Constructed an Inverted Index for a Wikipedia dump of around 60gb that would serve for the retrieval of documents related to the search query with an average retrieval time of around 1 sec per query The link to the dataset can be found here : ftp://10.4.17.131/Datasets/IRE_Monsoon_2017/WikiSearch/
- parsing.py - File containing all functions related to XML parsing.
- processing.py - File containing function which takes as input title, id and content of a wiki page and preprocesses it.
- indexing.py - File which performs the actual indexing and secondary level and offset files.

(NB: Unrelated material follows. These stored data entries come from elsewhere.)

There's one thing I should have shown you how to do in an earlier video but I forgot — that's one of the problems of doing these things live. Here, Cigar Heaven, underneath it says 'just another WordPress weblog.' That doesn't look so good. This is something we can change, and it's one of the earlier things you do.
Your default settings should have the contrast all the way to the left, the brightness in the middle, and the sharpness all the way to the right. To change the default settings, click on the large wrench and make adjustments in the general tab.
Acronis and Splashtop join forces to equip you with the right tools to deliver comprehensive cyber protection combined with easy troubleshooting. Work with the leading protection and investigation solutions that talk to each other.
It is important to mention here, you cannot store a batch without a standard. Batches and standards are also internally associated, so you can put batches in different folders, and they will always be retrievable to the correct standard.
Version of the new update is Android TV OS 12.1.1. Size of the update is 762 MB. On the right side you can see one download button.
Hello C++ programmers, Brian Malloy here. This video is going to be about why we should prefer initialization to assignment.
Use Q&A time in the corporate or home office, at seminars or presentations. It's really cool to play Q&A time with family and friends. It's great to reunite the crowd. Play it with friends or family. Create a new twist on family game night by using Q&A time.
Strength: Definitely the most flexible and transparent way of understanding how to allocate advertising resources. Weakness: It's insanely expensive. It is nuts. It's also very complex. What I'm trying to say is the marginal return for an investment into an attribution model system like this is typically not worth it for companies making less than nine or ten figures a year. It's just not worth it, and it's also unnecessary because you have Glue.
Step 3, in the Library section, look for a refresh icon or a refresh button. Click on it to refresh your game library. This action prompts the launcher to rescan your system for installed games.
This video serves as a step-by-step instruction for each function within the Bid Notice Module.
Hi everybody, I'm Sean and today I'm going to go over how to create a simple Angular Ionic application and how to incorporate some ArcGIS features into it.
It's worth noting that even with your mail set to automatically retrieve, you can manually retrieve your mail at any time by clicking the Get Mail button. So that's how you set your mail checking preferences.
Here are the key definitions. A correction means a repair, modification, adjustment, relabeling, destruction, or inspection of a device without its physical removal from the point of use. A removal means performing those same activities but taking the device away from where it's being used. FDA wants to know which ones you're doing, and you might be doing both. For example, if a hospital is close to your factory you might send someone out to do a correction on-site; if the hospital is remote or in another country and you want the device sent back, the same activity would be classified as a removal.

- search.py - Main file containing all the code for query processing and retrieval of results
- IndexFiles - Initial index gets created here
- Secondary_index_files - The secondary level indexed files are stored here term_id wise
- Offset_files - Offset files for these secondary_index files are made here
- TermDict - Pickle file containing the term-term_id map is made here
- Title_id_map - File containing page_id-title map is made here
- full_wiki.xml - The XML file containing the full data of wikipedia
Run Search.py - An infinite loop runs expecting queries that ends with the exit command.
-
Field query - Assuming that fields are small letters(b, i, c, t, r, e) followed by colon and the fields are space separated. “b:sachin i:2003 c:sports”
-
Boolean query - Assuming that the boolean operators are given in capitals (AND, OR, NOT) and remaining words are space separated. “Sachin AND Dhoni NOT Sehwag”
-
Normal query - Any sequence of words that doesn’t satisfy the above conditions is considered a normal query. “Virat Kohli”
less than 3 words, time to fetch results is < 1s
between 3 and 7 words, time to fetch results is Around 2-3s